Vim ver o futuro e ainda não sei se me agradou. A perfeição é uma coisa que me faz um bocado de espécie. Mas comecemos pelo início. A opinião sobre Singapura é sobretudo uma questão de dinheiro: tê-lo ou não. Onde uma cama de dormitório começa nos vinte dólares e uma cerveja nos dez, não é pêra doce ser backpacker.
Coisas essenciais resolvidas – cama e cerveja – fomos para as ruas começar a experiência sociológica e, senhores, é uma era à parte.

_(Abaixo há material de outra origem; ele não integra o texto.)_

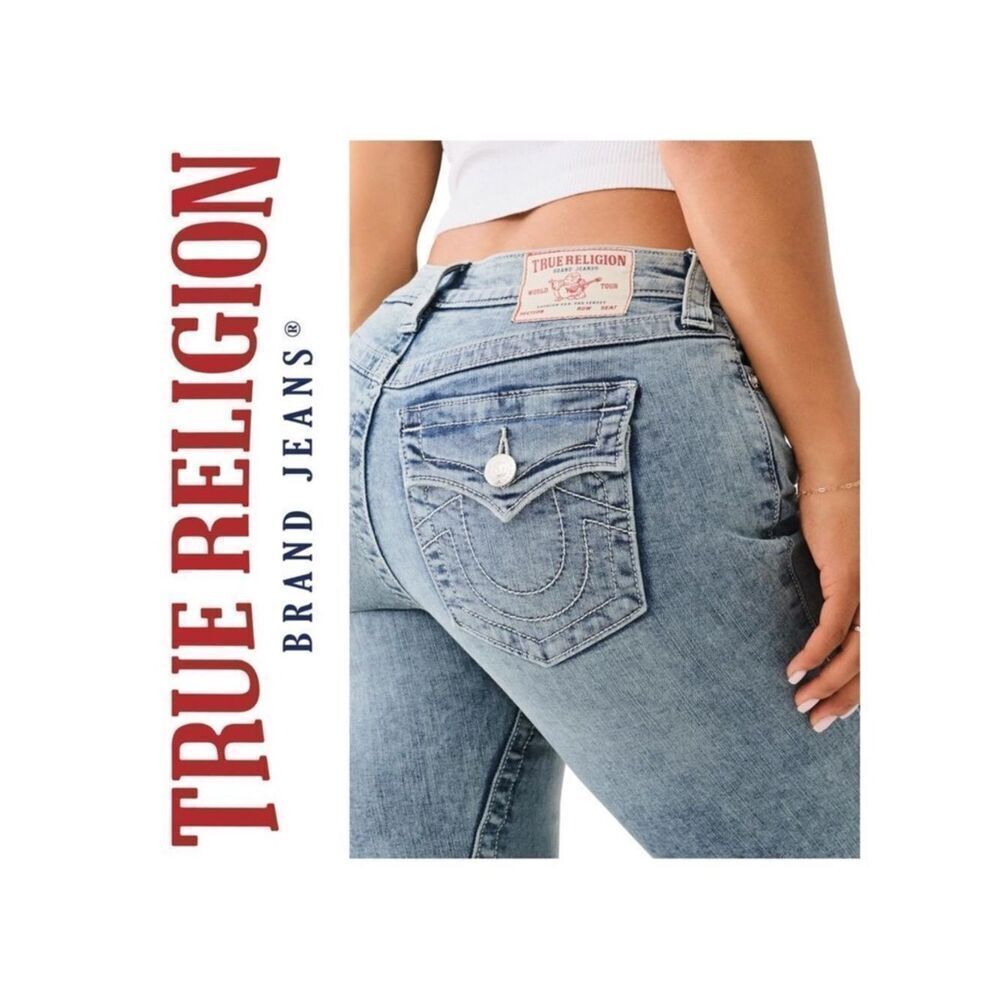 True Religion Halle Flap Pocket Skinny Fit 100% Cotton Jeans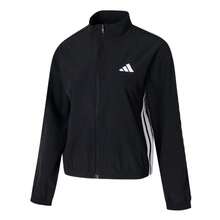 Adidas TE 3S WOVEN JKT 女式立领夹克，休闲运动上衣，舒适户外夹克 - 黑色/白色 - 查看 1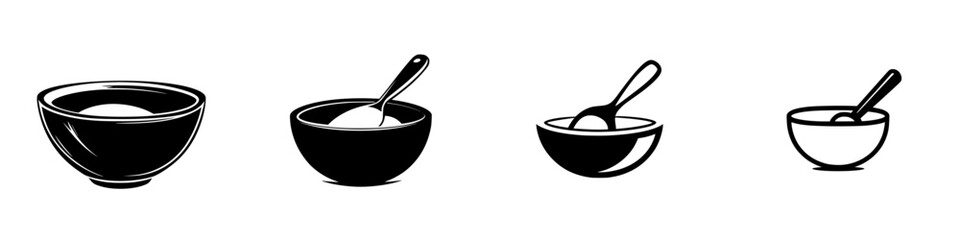Poster - Black icon set featuring various bowl designs with spoon illustrations for culinary and design purposes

Já toda a gente sabe da limpeza das ruas e da educação do povo e dos hábitos, começamos logo por receber um papelito agarrado ao formulário de entrada no país a dizer que drogas aqui dá morte. Chiça, assim tão à bruta, uma pessoa até tem que se ir certificar que não é dealer de certeza.
No metro, depois de usarem as escadas rolantes correctamente, ou seja, paradas de um lado ou a ultrapassar pelo outro (foi tão bonito ver isto a resultar pela primeira vez!) as pessoas, que estão sempre vestidas à Vogue, fazem duas filas à entrada das carruagens deixando, claro, uma faixa no meio para que quem quer sair possa de facto sair. Sem ter que lutar qual salmão contra a cascata como no Marquês em hora de ponta.
Depois são as estradas vazias e os transeuntes firmemente à espera do sinal verde para passarem. A olharem para nós, quando atravessamos mesmo assim, como se fôssemos O selvagem de visita ao hermético e admirável mundo novo.
O mercado de rua aqui tem stands de madeira melhores do que muitos dos quartos em que fiquei e o mesmo posso dizer das casas-de-banho públicas. Há stands de marisco em que as pessoas comem de luvas, há música ambiente e não há vestígios de lixo em nenhuma parte. Isto e Banguecoque é tal e qual.
Fomos a uma festa de anos sem querer e aí encontrei um enorme grupo de portugueses felizes. Juro, existem! Todos me contavam o bem que ali estão sem reclamar de nada, sem aquele desejo irreprimível de voltar a Portugal, sem aquele cuspir no prato onde comem, não, estão bem, aqui as coisas funcionam e eles não estão frustrados por terem saído ou em passivo-agressivo por "não poderem" voltar. A vida aqui parece mesmo correr bem a toda a gente. Mas onde estão os escapes desta comunidade perfeita, onde está o devaneio, que loucura é muito?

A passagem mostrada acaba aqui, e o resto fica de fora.